Des Coiffures pour l'histoire: un descriptif des gravures dans l’almanach de Marie-Antoinette, Le Trésor des Graces

Coiffure à la Sémiramis

La « Coiffure à la Sémiramis » est la première des onze images de coiffures qui se trouvent dans l’almanach. Une gravure colorée à la main, l’image dépeint une femme à l’air aristocratique, un regard coquet sur son visage. Elle est vêtue d’une robe verte dont le col est en dentelle et elle porte quelques bijoux. Pourtant, c’est sa coiffure élaborée qui attire l’attention : tous ses cheveux sont ramassés dans un pouf avec trois boucles sur le côté, à part deux longues boucles qui restent posées sur ses épaules. La hauteur de sa coiffure est augmentée par cinq plumes : deux jaunes, une bleue, une rose, et une verte. Le pouf est aussi décoré par des fleurs, de la verdure, des perles et ce qui pourrait être deux épis de blé.

Sémiramis était une reine légendaire de Syrie et la fondatrice de Babylon. L’auteur grec Diodore de Sicile la décrit dans son œuvre Histoire Universelle, traduit en français par l’abbé Jean Terrasson au XVIIIe siècle. La fille orpheline d’une déesse, elle était nourrie par les colombes. Un serviteur du roi l’a découverte et l’a adoptée. Grâce à sa beauté et à ses atouts nonpareils, elle est devenue l’épouse d’un général militaire, Oness. Ninus, le roi de Syrie, l’a rencontrée pendant une bataille où elle aidait son mari et il est tombé amoureux d’elle. Après le suicide d’Oness sous la pression du roi, Ninus s’est marié avec Sémiramis, qui est ainsi devenue la reine de Syrie. Elle a régné après la mort de Ninus.

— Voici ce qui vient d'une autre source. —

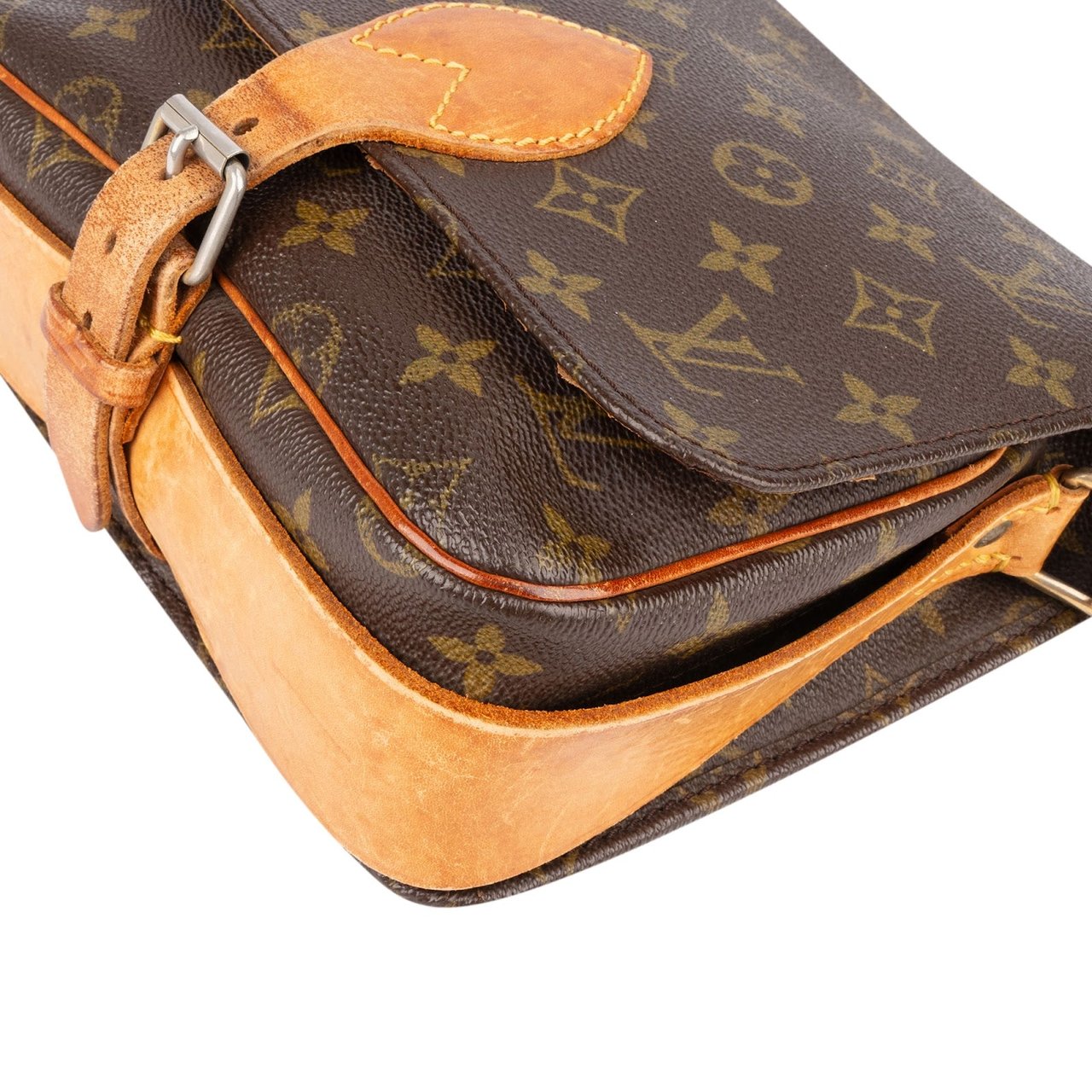 Louis Vuitton Louis Vuitton Monogram Canvas Cartouchiere MM Crossbody Bag Bruin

L’histoire de Sémiramis a inspiré une tragédie de Voltaire. Publiée en 1749, cette pièce assez populaire a été jouée à la Comédie-Française 263 fois entre sa première représentation en 1748 et 1840. La tragédie est jouée 162 fois avant la Révolution y compris régulièrement entre 1770 et 1778, la décénie de la publication de l’almanach (Voir http://cfregisters.org/en/the-data/faceted-browser ). La mise en scène de cette pièce est vraiment luxueuse, comme le sont les costumes. La légende de la reine Sémiramis a connu une grande popularité au cours de l’Ancien Régime et il y a eu plusieurs autres spectacles, tels que des opéras et tragédies lyriques basés sur son histoire. Il est important de noter que, à part quelques éléments exotiques et orientaux, comme par exemple les chapeaux, les costumes de la pièce sont pour la plupart occidentaux. Les mises en scènes utilisent l’architecture classique, comme cela était typique en Europe pour les mises en scènes de cette période.

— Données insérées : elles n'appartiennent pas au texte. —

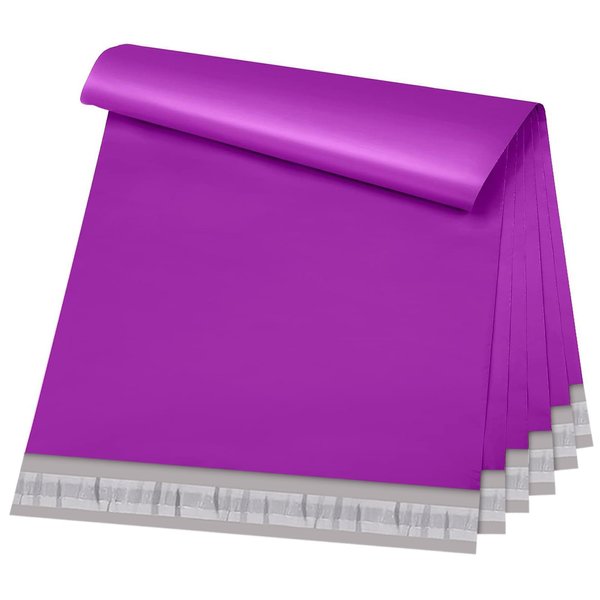 Metronic Poly Mailers 10x13 100 Pcs, Small Shipping Bags for Clothing, Strong Adhensive Mailing Bags for Small Business, Shipping Envelopes, Tear-resistant Packing Bags in Purple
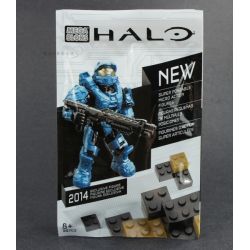 MEGA BLOKS 99703 non  SDCC 2014 BLUE SPARTAN MINIFIGURE ĐỘC ​​QUYỀN bộ đồ chơi xếp lắp ráp ghép mô hình Computer Games SDCC 2014 EXCLUSIVE BLUE SPARTAN FIGURE Trò Chơi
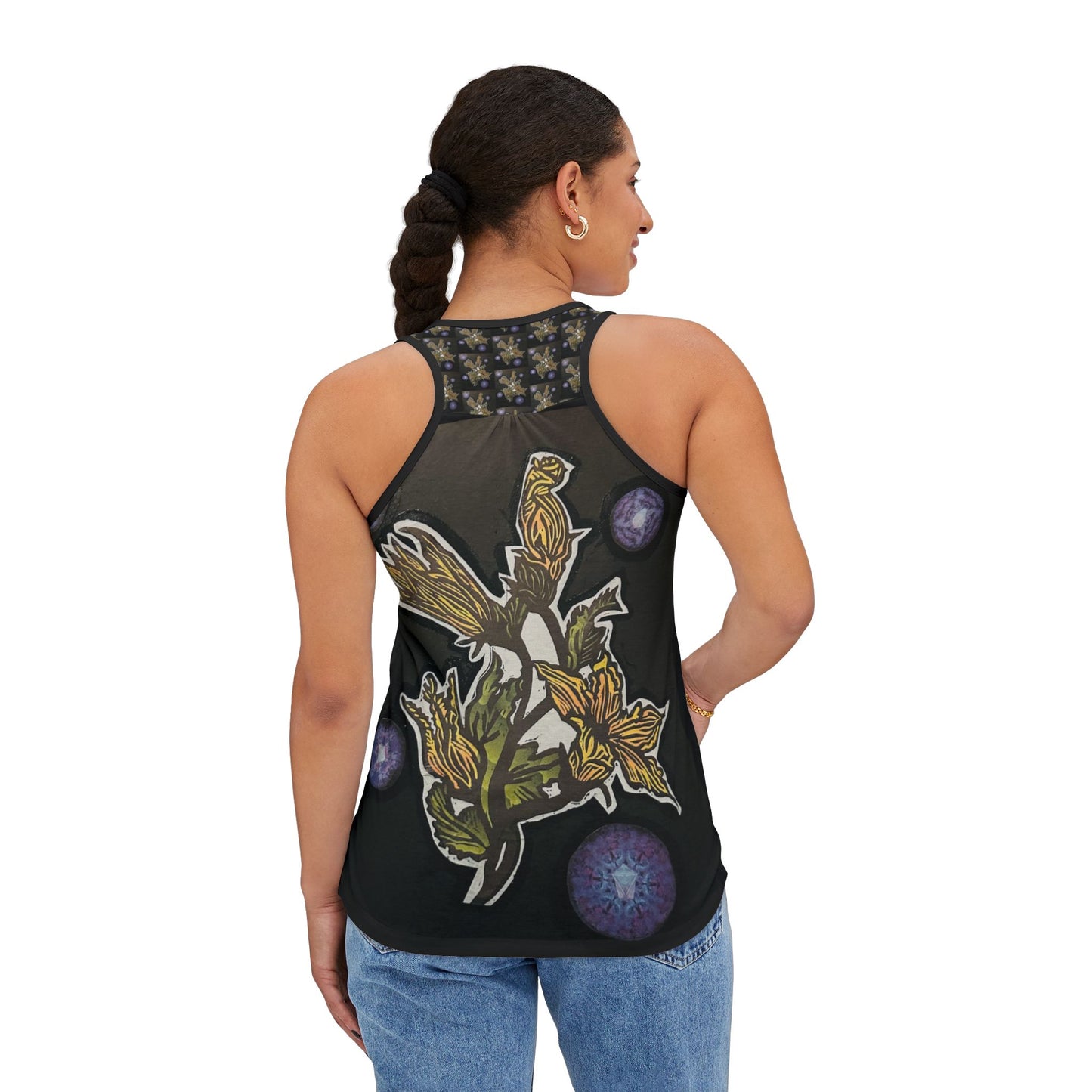 KrazyBaby425's Purple N Yellow Stylish Women's Tank Top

Sémiramis n’est pas la seule reine de Syrie qui a captivé l’imagination française. Cléopâtre, une autre reine puissante qui a régné après la mort de son mari le roi, est le personnage principal de Rodogune, une tragédie de Pierre Corneille. Il n’est pas surprenant qu’une coiffure portant le nom de Sémiramis figure dans Le Trésor des Grâces. Marie-Antoinette, qui a cultivé l’image d’une femme à la mode, et les autres courtisanes qui utilisaient des almanachs similaires, aimaient porter des coiffures inspirées par les grands évènements théâtrals récents. Comme avec les spectacles inspirés par Sémiramis, il y a seulement quelques références à l’histoire sur laquelle la coiffure est basée : il se peut que les fleurs et la verdure fassent référence aux jardins fameux de Babylon, ou que le blé signale l’importance des colombes dans la légende. Néanmoins les éléments de la coiffure – les plumes (peut-être plus grandes que d’habitude), les perles, et les fleurs – sont utilisés par les autres coiffures dans l’almanach; malgré son nom l’image reste occidentale.
 

Bhargavi Ramanathan, Wellesley College Class of 2016
The “Coiffure à la Sémiramis” is the first of the eleven engravings found in the almanac. An engraving colored by hand, it depicts an aristocratic woman who wears a flirtatious look on her face. She is dressed in a green gown, whose collar is made of lace. She also wears long earrings. Despite these jewels, it is her elaborate hairstyle that attracts the viewer’s attention: all her hair is gathered into one large pouf with three curls on the side, except for two long curls that rest on her shoulders. The height of her hairstyle is increased by five feathers: two yellow, one blue, one pink, and one green. The pouf is also decorated with flowers, greenery, beads and what might be two ears of wheat.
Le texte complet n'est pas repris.